=== Task goal ===
Every line of the material below, from the top through the line with "PRE-OWNEDCanapa Small Shopping", should be reproduced exactly.

== Input for this task

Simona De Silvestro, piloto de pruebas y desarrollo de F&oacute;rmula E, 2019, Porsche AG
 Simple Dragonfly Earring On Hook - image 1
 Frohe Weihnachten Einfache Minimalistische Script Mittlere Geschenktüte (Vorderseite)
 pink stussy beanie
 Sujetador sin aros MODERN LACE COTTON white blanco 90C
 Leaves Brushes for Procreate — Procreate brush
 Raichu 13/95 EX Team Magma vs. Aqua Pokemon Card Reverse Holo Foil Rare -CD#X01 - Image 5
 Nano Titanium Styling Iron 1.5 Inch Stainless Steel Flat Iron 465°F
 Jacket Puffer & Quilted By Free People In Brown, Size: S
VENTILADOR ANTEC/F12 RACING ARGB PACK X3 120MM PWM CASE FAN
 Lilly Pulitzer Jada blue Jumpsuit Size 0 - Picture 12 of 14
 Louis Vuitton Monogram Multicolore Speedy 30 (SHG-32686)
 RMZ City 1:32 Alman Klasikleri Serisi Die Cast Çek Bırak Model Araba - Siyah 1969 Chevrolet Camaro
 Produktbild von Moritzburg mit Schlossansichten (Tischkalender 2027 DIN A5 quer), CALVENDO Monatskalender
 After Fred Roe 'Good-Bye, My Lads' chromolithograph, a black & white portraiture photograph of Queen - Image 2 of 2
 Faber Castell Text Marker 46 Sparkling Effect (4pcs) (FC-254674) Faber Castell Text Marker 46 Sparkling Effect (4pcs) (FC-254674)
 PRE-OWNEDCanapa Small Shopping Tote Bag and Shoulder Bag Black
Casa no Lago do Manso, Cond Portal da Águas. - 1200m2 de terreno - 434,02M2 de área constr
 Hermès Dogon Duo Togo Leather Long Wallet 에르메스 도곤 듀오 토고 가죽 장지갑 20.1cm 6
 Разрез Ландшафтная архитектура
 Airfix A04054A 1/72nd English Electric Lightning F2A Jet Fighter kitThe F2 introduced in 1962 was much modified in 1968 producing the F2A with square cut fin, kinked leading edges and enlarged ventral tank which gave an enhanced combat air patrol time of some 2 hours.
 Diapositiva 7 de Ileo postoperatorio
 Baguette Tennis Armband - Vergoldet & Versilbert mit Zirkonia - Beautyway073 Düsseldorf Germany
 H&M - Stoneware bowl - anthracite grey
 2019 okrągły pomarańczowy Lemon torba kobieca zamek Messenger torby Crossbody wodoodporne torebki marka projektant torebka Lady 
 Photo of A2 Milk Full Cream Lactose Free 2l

====

=== Exercise result ===
Simona De Silvestro, piloto de pruebas y desarrollo de F&oacute;rmula E, 2019, Porsche AG
 Simple Dragonfly Earring On Hook - image 1
 Frohe Weihnachten Einfache Minimalistische Script Mittlere Geschenktüte (Vorderseite)
 pink stussy beanie
 Sujetador sin aros MODERN LACE COTTON white blanco 90C
 Leaves Brushes for Procreate — Procreate brush
 Raichu 13/95 EX Team Magma vs. Aqua Pokemon Card Reverse Holo Foil Rare -CD#X01 - Image 5
 Nano Titanium Styling Iron 1.5 Inch Stainless Steel Flat Iron 465°F
 Jacket Puffer & Quilted By Free People In Brown, Size: S
VENTILADOR ANTEC/F12 RACING ARGB PACK X3 120MM PWM CASE FAN
 Lilly Pulitzer Jada blue Jumpsuit Size 0 - Picture 12 of 14
 Louis Vuitton Monogram Multicolore Speedy 30 (SHG-32686)
 RMZ City 1:32 Alman Klasikleri Serisi Die Cast Çek Bırak Model Araba - Siyah 1969 Chevrolet Camaro
 Produktbild von Moritzburg mit Schlossansichten (Tischkalender 2027 DIN A5 quer), CALVENDO Monatskalender
 After Fred Roe 'Good-Bye, My Lads' chromolithograph, a black & white portraiture photograph of Queen - Image 2 of 2
 Faber Castell Text Marker 46 Sparkling Effect (4pcs) (FC-254674) Faber Castell Text Marker 46 Sparkling Effect (4pcs) (FC-254674)
 PRE-OWNEDCanapa Small Shopping Tote Bag and Shoulder Bag Black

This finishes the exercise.